**Provided data:**
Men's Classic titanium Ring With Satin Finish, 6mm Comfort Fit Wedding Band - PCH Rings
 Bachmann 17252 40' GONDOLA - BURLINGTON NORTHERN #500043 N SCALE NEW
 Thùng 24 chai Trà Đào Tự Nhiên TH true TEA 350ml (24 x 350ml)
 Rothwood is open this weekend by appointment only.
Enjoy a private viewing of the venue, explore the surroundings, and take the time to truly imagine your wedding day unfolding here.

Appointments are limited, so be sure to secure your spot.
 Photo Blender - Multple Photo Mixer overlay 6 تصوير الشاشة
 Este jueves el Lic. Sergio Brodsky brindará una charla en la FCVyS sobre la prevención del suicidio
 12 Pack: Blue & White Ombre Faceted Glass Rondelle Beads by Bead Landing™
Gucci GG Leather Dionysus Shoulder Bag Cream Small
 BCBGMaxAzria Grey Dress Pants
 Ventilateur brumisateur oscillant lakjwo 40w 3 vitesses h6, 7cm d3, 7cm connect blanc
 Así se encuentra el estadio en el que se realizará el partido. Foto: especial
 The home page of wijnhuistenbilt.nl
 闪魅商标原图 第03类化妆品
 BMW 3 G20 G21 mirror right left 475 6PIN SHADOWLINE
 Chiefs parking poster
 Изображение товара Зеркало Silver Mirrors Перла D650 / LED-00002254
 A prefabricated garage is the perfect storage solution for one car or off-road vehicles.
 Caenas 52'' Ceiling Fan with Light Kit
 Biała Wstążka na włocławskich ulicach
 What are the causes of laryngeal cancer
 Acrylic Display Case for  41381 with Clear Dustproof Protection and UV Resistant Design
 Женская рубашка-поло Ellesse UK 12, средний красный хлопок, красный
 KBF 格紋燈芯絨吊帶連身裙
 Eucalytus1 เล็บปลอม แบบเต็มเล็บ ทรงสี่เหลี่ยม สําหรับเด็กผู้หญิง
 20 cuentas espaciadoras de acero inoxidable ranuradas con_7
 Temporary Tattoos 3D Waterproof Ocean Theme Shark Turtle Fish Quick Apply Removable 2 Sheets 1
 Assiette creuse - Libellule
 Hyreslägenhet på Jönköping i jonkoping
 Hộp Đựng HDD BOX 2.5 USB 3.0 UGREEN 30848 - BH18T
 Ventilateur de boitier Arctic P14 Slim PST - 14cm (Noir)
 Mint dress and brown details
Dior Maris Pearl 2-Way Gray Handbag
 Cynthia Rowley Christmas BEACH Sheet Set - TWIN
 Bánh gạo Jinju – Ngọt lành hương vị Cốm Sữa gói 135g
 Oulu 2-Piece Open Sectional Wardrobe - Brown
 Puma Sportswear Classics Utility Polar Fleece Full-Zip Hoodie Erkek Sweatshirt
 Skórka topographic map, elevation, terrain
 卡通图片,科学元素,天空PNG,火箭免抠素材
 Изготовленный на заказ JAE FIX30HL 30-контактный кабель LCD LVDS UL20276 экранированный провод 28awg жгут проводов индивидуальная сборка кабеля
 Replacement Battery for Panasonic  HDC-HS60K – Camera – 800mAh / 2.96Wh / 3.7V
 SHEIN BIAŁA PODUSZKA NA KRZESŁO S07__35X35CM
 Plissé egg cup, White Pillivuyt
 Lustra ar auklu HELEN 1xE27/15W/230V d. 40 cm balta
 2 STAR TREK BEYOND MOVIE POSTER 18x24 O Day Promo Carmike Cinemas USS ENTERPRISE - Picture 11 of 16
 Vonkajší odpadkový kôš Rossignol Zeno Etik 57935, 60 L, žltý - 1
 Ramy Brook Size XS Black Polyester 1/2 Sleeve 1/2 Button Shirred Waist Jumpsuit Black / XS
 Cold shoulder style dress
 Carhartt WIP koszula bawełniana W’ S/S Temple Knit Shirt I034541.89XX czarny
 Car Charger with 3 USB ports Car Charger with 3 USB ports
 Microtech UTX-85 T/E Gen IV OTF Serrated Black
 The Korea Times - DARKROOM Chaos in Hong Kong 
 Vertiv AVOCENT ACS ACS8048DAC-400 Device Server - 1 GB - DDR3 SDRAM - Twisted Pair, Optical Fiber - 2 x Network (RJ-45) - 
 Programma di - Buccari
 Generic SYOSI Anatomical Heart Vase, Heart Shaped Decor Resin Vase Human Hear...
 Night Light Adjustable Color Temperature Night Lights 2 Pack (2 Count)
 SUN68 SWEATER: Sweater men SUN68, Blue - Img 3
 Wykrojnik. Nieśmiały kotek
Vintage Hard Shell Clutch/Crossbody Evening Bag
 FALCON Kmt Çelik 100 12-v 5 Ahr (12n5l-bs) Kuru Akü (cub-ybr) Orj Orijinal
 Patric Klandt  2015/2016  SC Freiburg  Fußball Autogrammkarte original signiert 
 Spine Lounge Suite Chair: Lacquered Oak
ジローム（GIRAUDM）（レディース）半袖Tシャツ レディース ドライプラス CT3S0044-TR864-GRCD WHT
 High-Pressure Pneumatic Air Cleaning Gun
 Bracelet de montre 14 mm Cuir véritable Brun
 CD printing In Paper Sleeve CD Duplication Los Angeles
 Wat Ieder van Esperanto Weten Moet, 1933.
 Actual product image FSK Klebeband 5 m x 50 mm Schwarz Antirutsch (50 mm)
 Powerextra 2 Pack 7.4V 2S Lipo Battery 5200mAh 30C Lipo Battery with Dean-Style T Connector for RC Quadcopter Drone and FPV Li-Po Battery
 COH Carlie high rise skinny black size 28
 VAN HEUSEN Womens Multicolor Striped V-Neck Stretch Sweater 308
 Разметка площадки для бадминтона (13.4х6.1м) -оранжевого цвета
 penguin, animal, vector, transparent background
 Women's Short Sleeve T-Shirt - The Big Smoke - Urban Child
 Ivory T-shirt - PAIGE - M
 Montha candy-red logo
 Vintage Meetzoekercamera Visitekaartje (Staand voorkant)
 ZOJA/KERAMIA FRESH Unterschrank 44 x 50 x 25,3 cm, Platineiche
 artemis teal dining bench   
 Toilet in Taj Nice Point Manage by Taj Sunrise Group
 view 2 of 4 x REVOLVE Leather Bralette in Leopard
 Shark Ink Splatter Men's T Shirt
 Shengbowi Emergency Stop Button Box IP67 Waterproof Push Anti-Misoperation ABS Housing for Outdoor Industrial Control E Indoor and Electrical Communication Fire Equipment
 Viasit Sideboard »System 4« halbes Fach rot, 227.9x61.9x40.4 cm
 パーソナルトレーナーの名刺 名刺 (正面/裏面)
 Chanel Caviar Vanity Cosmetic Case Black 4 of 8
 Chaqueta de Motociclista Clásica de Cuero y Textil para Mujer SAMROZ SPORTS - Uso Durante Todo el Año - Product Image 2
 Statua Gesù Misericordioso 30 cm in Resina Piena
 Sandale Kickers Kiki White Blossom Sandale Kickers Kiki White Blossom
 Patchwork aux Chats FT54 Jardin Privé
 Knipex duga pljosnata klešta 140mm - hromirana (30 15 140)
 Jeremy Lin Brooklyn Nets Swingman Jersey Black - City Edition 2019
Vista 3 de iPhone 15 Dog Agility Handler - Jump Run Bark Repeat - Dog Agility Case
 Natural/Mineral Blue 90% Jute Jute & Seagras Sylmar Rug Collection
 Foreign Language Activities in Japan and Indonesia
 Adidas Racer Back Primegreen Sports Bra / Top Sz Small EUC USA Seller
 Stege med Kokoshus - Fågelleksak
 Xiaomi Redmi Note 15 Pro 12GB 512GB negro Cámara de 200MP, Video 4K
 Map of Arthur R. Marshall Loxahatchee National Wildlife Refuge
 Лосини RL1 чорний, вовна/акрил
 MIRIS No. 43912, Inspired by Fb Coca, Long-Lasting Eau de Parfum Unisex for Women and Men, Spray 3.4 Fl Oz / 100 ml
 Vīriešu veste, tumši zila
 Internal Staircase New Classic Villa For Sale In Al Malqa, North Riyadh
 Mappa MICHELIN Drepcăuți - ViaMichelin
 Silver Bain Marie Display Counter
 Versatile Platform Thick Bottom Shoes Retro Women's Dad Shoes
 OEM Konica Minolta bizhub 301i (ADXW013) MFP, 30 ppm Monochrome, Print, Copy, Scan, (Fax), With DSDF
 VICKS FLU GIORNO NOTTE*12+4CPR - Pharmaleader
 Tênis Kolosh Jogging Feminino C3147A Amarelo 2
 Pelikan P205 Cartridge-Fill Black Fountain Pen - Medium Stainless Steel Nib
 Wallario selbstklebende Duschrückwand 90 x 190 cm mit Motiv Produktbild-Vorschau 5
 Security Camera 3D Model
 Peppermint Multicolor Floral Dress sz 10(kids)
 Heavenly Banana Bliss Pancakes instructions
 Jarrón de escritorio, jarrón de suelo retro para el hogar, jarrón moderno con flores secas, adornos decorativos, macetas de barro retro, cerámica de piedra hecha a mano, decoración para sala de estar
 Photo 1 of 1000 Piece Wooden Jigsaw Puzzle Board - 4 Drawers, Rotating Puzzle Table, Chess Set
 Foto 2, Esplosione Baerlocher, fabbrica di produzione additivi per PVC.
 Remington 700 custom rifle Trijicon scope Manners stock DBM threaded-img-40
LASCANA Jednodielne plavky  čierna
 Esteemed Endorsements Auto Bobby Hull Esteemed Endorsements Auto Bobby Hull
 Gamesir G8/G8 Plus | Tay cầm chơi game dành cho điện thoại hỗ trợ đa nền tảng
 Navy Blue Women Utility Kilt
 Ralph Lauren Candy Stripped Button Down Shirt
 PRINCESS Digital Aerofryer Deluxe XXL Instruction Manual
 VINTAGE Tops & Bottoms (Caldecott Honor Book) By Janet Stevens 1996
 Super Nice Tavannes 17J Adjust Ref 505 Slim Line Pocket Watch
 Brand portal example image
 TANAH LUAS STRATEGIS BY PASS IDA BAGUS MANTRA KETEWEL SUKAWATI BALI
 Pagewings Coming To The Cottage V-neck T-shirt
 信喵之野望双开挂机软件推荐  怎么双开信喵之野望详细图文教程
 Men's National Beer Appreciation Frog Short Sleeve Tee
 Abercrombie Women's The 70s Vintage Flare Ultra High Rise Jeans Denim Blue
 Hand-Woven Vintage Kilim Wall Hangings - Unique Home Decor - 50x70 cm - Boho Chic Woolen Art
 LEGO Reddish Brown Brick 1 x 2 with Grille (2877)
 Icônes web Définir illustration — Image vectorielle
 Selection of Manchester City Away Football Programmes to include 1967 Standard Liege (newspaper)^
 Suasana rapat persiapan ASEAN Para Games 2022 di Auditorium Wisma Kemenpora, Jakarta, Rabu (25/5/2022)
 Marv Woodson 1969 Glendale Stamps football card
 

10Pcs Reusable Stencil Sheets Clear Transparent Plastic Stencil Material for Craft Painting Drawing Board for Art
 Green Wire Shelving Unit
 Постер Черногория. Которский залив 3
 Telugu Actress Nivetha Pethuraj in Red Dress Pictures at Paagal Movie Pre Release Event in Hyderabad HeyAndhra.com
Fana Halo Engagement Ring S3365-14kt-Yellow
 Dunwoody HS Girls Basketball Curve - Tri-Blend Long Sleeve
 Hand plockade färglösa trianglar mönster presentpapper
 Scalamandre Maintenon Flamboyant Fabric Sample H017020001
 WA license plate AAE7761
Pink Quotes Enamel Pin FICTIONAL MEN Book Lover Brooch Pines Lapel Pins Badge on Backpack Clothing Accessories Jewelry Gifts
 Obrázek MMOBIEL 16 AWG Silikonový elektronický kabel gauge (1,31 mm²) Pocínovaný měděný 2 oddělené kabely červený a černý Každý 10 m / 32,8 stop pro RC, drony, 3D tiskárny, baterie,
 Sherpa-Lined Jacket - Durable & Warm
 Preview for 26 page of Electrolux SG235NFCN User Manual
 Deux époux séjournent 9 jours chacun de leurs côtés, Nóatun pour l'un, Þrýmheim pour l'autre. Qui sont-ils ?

**The problem:**
Begin at the first line of the entries above and copy every line exactly, ending with the line that contains "Bánh gạo Jinju".

**Result:**
Men's Classic titanium Ring With Satin Finish, 6mm Comfort Fit Wedding Band - PCH Rings
 Bachmann 17252 40' GONDOLA - BURLINGTON NORTHERN #500043 N SCALE NEW
 Thùng 24 chai Trà Đào Tự Nhiên TH true TEA 350ml (24 x 350ml)
 Rothwood is open this weekend by appointment only.
Enjoy a private viewing of the venue, explore the surroundings, and take the time to truly imagine your wedding day unfolding here.

Appointments are limited, so be sure to secure your spot.
 Photo Blender - Multple Photo Mixer overlay 6 تصوير الشاشة
 Este jueves el Lic. Sergio Brodsky brindará una charla en la FCVyS sobre la prevención del suicidio
 12 Pack: Blue & White Ombre Faceted Glass Rondelle Beads by Bead Landing™
Gucci GG Leather Dionysus Shoulder Bag Cream Small
 BCBGMaxAzria Grey Dress Pants
 Ventilateur brumisateur oscillant lakjwo 40w 3 vitesses h6, 7cm d3, 7cm connect blanc
 Así se encuentra el estadio en el que se realizará el partido. Foto: especial
 The home page of wijnhuistenbilt.nl
 闪魅商标原图 第03类化妆品
 BMW 3 G20 G21 mirror right left 475 6PIN SHADOWLINE
 Chiefs parking poster
 Изображение товара Зеркало Silver Mirrors Перла D650 / LED-00002254
 A prefabricated garage is the perfect storage solution for one car or off-road vehicles.
 Caenas 52'' Ceiling Fan with Light Kit
 Biała Wstążka na włocławskich ulicach
 What are the causes of laryngeal cancer
 Acrylic Display Case for  41381 with Clear Dustproof Protection and UV Resistant Design
 Женская рубашка-поло Ellesse UK 12, средний красный хлопок, красный
 KBF 格紋燈芯絨吊帶連身裙
 Eucalytus1 เล็บปลอม แบบเต็มเล็บ ทรงสี่เหลี่ยม สําหรับเด็กผู้หญิง
 20 cuentas espaciadoras de acero inoxidable ranuradas con_7
 Temporary Tattoos 3D Waterproof Ocean Theme Shark Turtle Fish Quick Apply Removable 2 Sheets 1
 Assiette creuse - Libellule
 Hyreslägenhet på Jönköping i jonkoping
 Hộp Đựng HDD BOX 2.5 USB 3.0 UGREEN 30848 - BH18T
 Ventilateur de boitier Arctic P14 Slim PST - 14cm (Noir)
 Mint dress and brown details
Dior Maris Pearl 2-Way Gray Handbag
 Cynthia Rowley Christmas BEACH Sheet Set - TWIN
 Bánh gạo Jinju – Ngọt lành hương vị Cốm Sữa gói 135g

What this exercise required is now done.